Margaret Isobel Drynan (December 10, 1915 - February 18, 1999) was a Canadian composer, musician, writer and educator.

She was born Margaret Isobel Brown in Toronto. She received a BMus from the University of Toronto in 1943. She studied with Arthur Benjamin, Madeline Bone, Michael Head, E. Kelvin James, James Campbell McInnes, Molly Slater and Healey Willan. She was a long-time member of the choir at the Church of St. Mary Magdalene in Toronto, also singing with the Tudor Singers and the Toronto Bach Choir. She was choirmaster and organist for Holy Trinity Church in Oshawa. From 1960 to 1969, she was music supervisor for the Oshawa elementary school board and, from 1969 to 1981, was music consultant for the Durham District School Board. From 1983 to 1990. she was choirmaster and organist for St. Matthew's Anglican Church in Oshawa.

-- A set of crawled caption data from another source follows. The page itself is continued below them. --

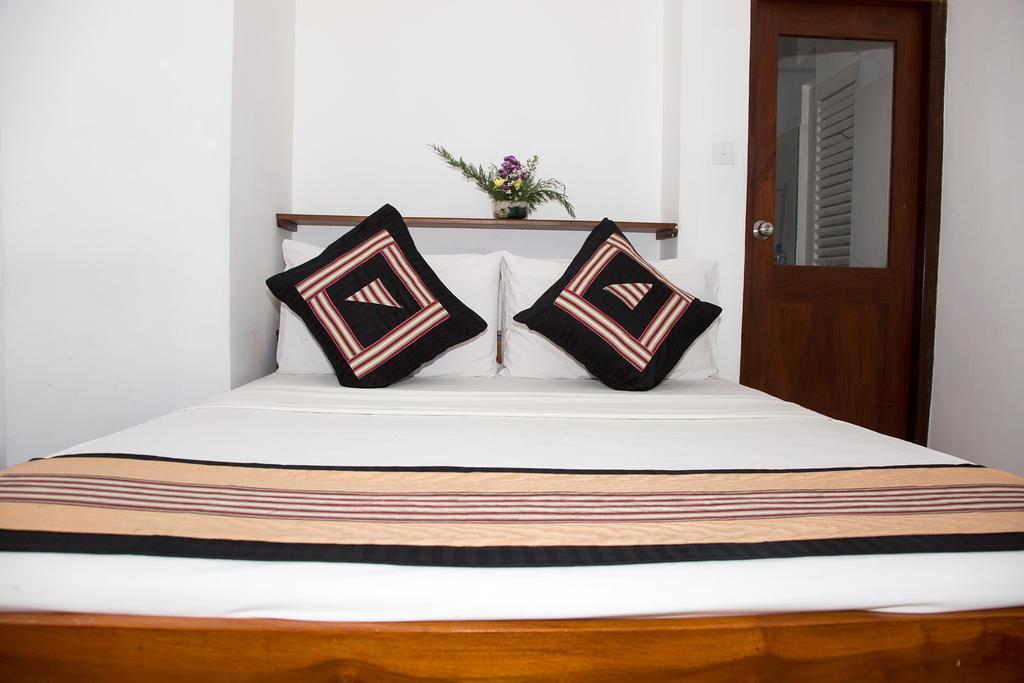 Suriya Arana Bed & Breakfast Negombo Eksteriør bilde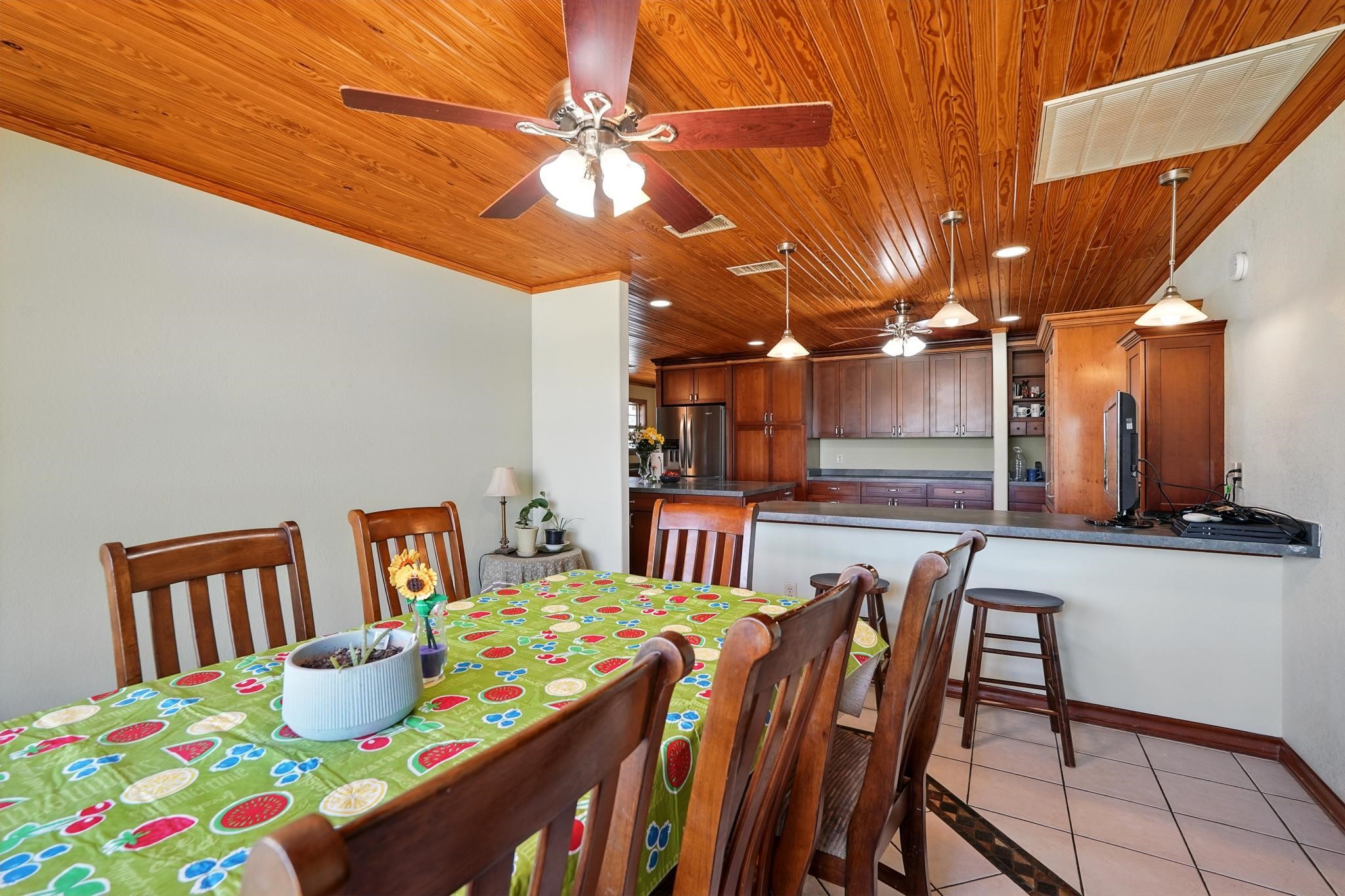 233 Country Place S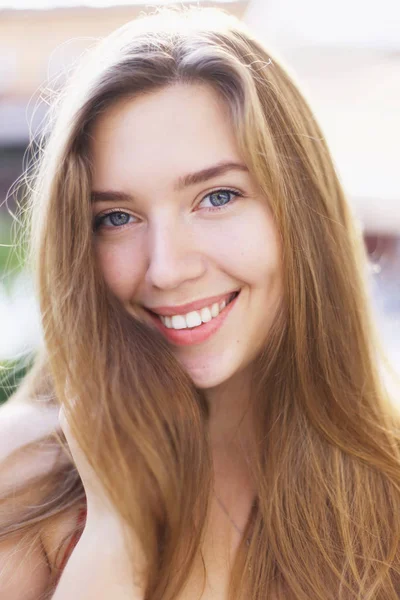 Nahaufnahme Porträt eines jungen europäischen lächelnden Mädchens draußen. — Stockfoto
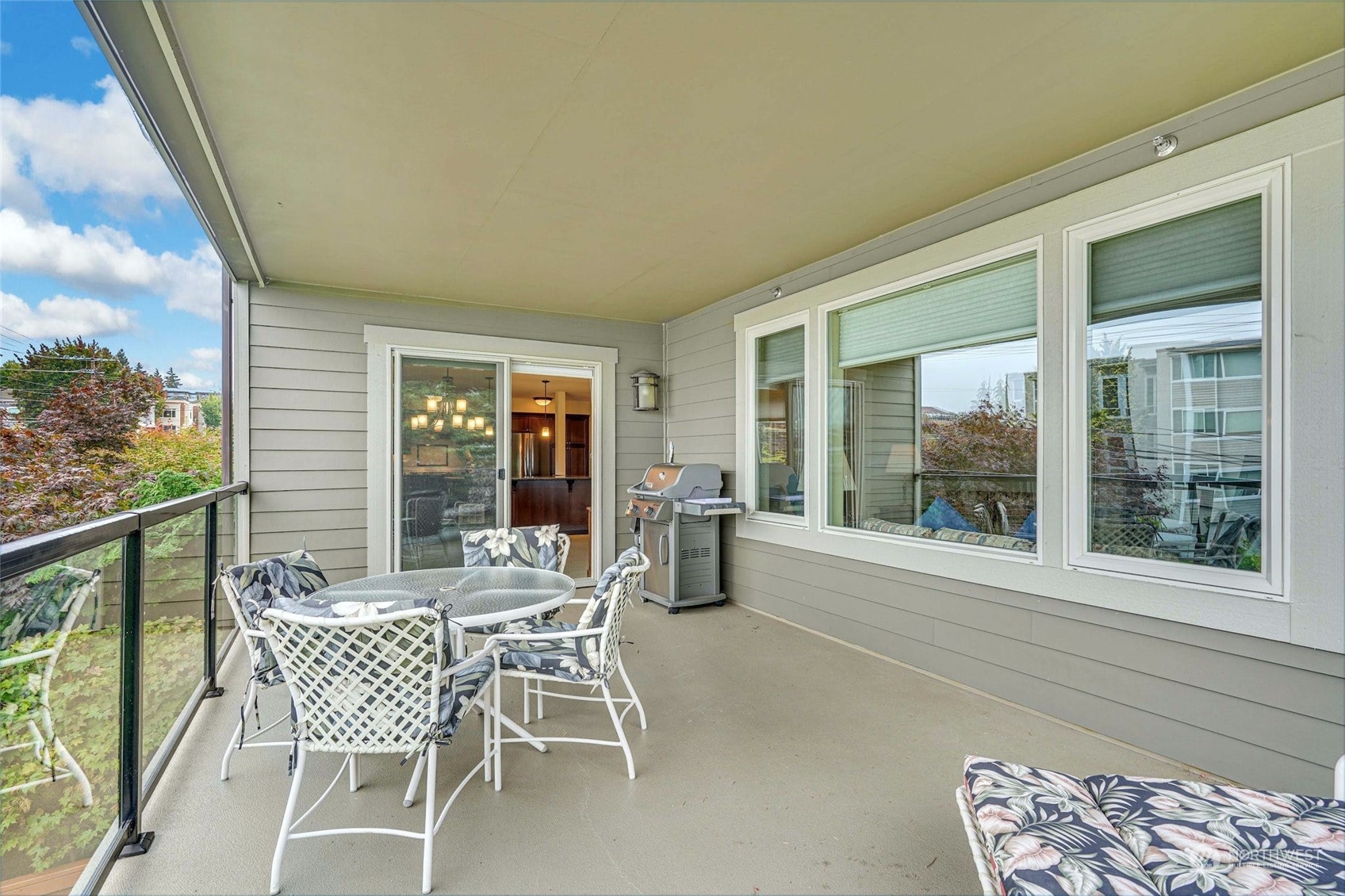 316 Walnut Street, Unit 201 Edmonds, WA 98020 - Photo 25 of 29 a dining room with furniture and large windows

Drynan was a founding member of the Oshawa District Council for the Arts, serving as president from 1973 to 1975. She helped found the Oshawa Arts Centre. She was named a director of the Oshawa Symphony Association in 1960 and also served as its chairperson. She was also a member of the percussion section for the Oshawa Symphony Orchestra.

Her compositions include:
- The Canada Goose: a musical play in three acts
- a Missa brevis
- The Fate of Gilbert Gim
- a number of carols and songs, including Why Do the Bells of Christmas Ring? and Songs for Judith
- four operettas

She became an associate of The Royal Conservatory of Music in 1975 and was a founding member and honorary fellow of the Royal Canadian College of Organists, serving as its national president from 1982 to 1984.

She was Canadian editor for Diapason. She also contributed to various music periodicals including Toronto's Music Magazine.

Drynan died in Oshawa at the age of 83.